Vivienne let out a choked, pathetic squeak. She fell backward, her silk robes tangling around her legs as she scrambled in the dust like an insect. “No… no, that’s impossible! He was found in the outer slums ten years ago! He’s a nobody! Your Majesty, mercy! I didn’t know! I swear I didn’t know!”

The Emperor stood up slowly, turning away from me. The warmth of his presence was replaced by a towering wall of pure, homicidal rage. He looked down at the woman who had just demanded his only son be fed to wild beasts.

“You spoke of justice, Lady Vivienne,” the Emperor said, his voice terrifyingly calm. “You spoke of giving a thief what they deserve. You stole my son’s dignity. You stole his bloodline. And you attempted to steal his life.”

“Mercy!” she shrieked, her psychotic arrogance completely shattered as she crawled toward his boots, her face covered in the same dust she had forced me to kneel in. “Please, Your Majesty! Mercy!”

“The empire has many laws,” the Emperor whispered, looking down at her with eyes of fire. “But for treason against the bloodline, there is only one sentence.”

He raised his hand. “Execute her. Now.”

Chapter 6

The command was carried out before Vivienne could even scream a second time. The two Imperial guards who had stood behind her didn’t hesitate; their heavy broadswords flashed in the desert sun, and the cruel noblewoman’s voice was permanently silenced. The remaining palace guards who had served her were instantly disarmed and thrown into the very iron cages she had threatened to use on me.

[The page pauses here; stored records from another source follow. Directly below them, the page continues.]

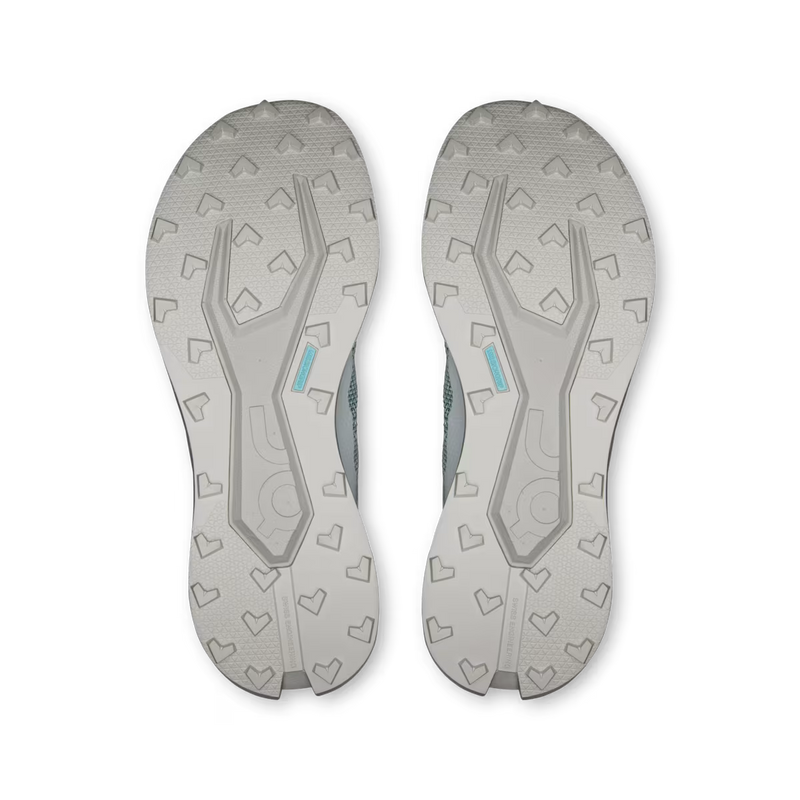 Load image into Gallery viewer, On Running Men's Cloudultra 3
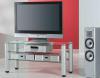 VCM Toledo TV-M�bel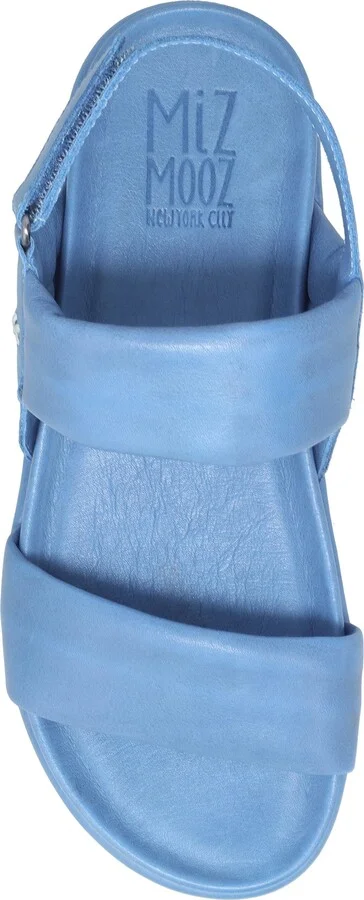 Toto Sandal - Image 5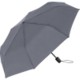 Picture of TOPLESS MINI POCKET UMBRELLA in Grey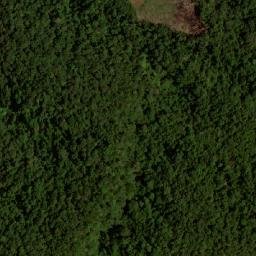 Satellite imagery of Cuchilla La Honda, CO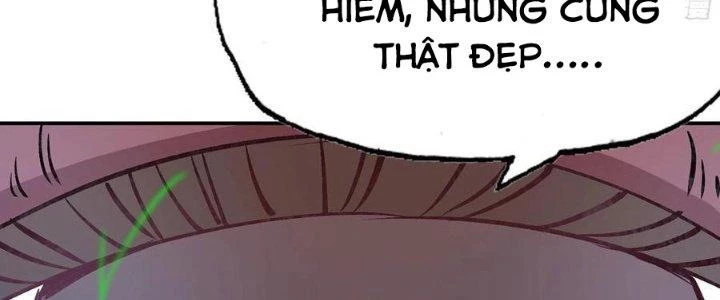 Dũng Sĩ Nấm Chapter 13 - 42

The courtyard, once a place of fear and humiliation, felt suddenly clean. The wind shifted, blowing the scent of ash away, leaving only the crisp smell of the high mountains.

The Emperor turned back to me. He didn’t speak as a ruler commanding a subject. He knelt in the dust once more, his heavy cloak wrapping around my small, shivering body, shielding me from the harsh desert heat.

“My son,” he murmured, his voice thick with a decade of unshed tears. He lifted me gently into his arms, holding me against his chest armor as if I were made of fragile glass. “The darkness is over. I have looked for you across every mountain, through every war. I am taking you home.”

I pressed my face against his shoulder, my small hands still gripping the emerald bracelet that had finally brought the truth to light. For ten years, I had believed I was nothing—a broken servant boy destined to die in the dirt. But as the warmth of my father’s arms lifted me off the stone, the phantom memory of the white flower garden returned, clearer than ever.

I couldn’t see the imperial banners rising over the walls of the outpost, nor could I see the hundreds of elite soldiers bowing as we passed through the iron gates. But for the first time in my life, I didn’t need my eyes to know who I was.

And as the old war drums echoed across the desert dunes to announce the return of the lost prince, I finally understood that a kingdom is not built by crowns, but by the people who refuse to let love kneel in the dust.